J’ai visi­té Venise en voyage d’é­tudes alors que j’é­tais déjà à l’u­ni­ver­si­té et la pre­mière chose que j’ai faite en arri­vant a été de lais­ser le groupe des lycéens pour aller boire un vrai café ita­lien dans une petite échoppe au comp­toir duquel on venait sim­ple­ment s’ap­puyer avec sa tasse et les volutes de fumées pour seuls com­pa­gnons. Les sou­ve­nirs que j’en ai sont vagues. J’ai des sou­ve­nirs écor­nés, des bribes de sou­ve­nirs que j’ai du mal à recol­ler entre eux pour leur don­ner une cohé­rence, des odeurs qui me reviennent, mais pas grand-chose somme toute. C’est triste de voir que les plus belles mer­veilles du monde peuvent vous suf­fo­quer et vingt ans après ne plus vivre que par l’en­tre­mise de quelques pho­tos. Je me sou­viens du ghet­to, et d’un cap­puc­ci­no pris dans un des salons du Café Flo­rian, des rues le long des canaux, déser­tées, de l’eau sau­mâtre qu’on m’a­vait dit puante, du par­fum entê­tant de belles véni­tiennes com­pas­sées, je me sou­viens comme si c’é­tait hier du sein blanc et des doux che­veux blonds… véni­tiens… de la belle Aude, je me sou­viens des soi­rées éclai­rées par les réver­bères dans des rues où j’o­sais me ris­quer seul, laby­rinthe plus effrayant que dans n’im­porte quel conte, du Har­ry’s Bar et du fan­tôme d’He­ming­way, du Hol­lan­dais Volant per­du quelque part, de la Fenice majes­tueuse dans son écrin de pierre, du Lido de Tho­mas Mann, de Vis­con­ti et de Bogarde, des scuole indes­crip­tibles et du bureau de poste, des mots ita­liens ou véni­tiens peut-être qui flot­taient dans l’air avec un air natu­rel, dont j’ar­ri­vais presque à sai­sir toutes les nuances, de l’air brouillas­seux qui plane sur la lagune et peut-être aus­si, qui sait, au détour d’une rue ou d’une pla­cette où se trou­ve­rait une locan­da, un puits à la mar­gelle ouvra­gée, un chat qui s’é­chap­pe­rait à l’angle, peut-être, je ne sais plus, le fan­tôme gaillard de Cor­to Mal­tese. J’ai tra­qué le soleil dans l’ombre, la lumière dans les ténèbres et le sou­ve­nir en est presque effa­cé à présent.

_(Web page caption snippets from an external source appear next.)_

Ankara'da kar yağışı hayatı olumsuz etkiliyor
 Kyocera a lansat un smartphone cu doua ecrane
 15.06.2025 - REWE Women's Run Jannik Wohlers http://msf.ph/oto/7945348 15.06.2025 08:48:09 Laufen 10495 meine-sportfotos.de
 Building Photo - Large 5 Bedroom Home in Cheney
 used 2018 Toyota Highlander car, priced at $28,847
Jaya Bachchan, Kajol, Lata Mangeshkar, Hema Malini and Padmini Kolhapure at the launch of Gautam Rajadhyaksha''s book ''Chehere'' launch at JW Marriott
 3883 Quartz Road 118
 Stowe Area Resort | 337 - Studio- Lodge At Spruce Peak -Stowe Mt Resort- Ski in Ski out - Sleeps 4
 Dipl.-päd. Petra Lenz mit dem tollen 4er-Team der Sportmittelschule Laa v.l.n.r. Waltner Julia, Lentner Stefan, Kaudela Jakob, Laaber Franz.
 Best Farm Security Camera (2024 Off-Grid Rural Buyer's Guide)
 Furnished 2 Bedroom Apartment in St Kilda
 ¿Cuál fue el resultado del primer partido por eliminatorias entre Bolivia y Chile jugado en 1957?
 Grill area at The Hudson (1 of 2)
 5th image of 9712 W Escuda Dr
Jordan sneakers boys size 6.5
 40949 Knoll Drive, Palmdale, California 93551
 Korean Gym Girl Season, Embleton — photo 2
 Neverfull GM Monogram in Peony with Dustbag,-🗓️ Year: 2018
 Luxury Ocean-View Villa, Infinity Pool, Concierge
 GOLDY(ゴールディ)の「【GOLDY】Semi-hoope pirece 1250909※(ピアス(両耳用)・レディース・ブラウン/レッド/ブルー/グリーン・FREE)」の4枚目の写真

Reliques d’un voyage d’é­tudes il y a vingt ans, j’ai retrou­vé de vieilles pho­tos de Venise oubliées dans un album. De vraies pho­tos en noir et blanc que le temps n’a même pas alté­rées, c’est ce que j’ai rame­né de cette Venise qui s’est levée devant moi, une Venise sau­vage et secrète puis­qu’à l’é­poque j’a­vais pris le par­ti de ne choi­sir que des cadrages sévères, déshu­ma­ni­sés, en évi­tant soi­gneu­se­ment, si pos­sible les cli­chés de cartes pos­tales. Cer­taines n’é­vitent pas l’é­cueil, mais peu importe, ce sont mes pho­tos, ma vision, ce que je me suis appro­prié et qui semble rele­ver désor­mais d’une autre époque, d’un temps sans numé­rique, une temps de mémoire, avec de vrais appa­reils pho­tos qu’il fal­lait cares­ser pour qu’ils soient dociles et que la magie de la lumière fasse son œuvre. Ces temps, comme ces pho­tos dans mon cœur, demeurent magiques.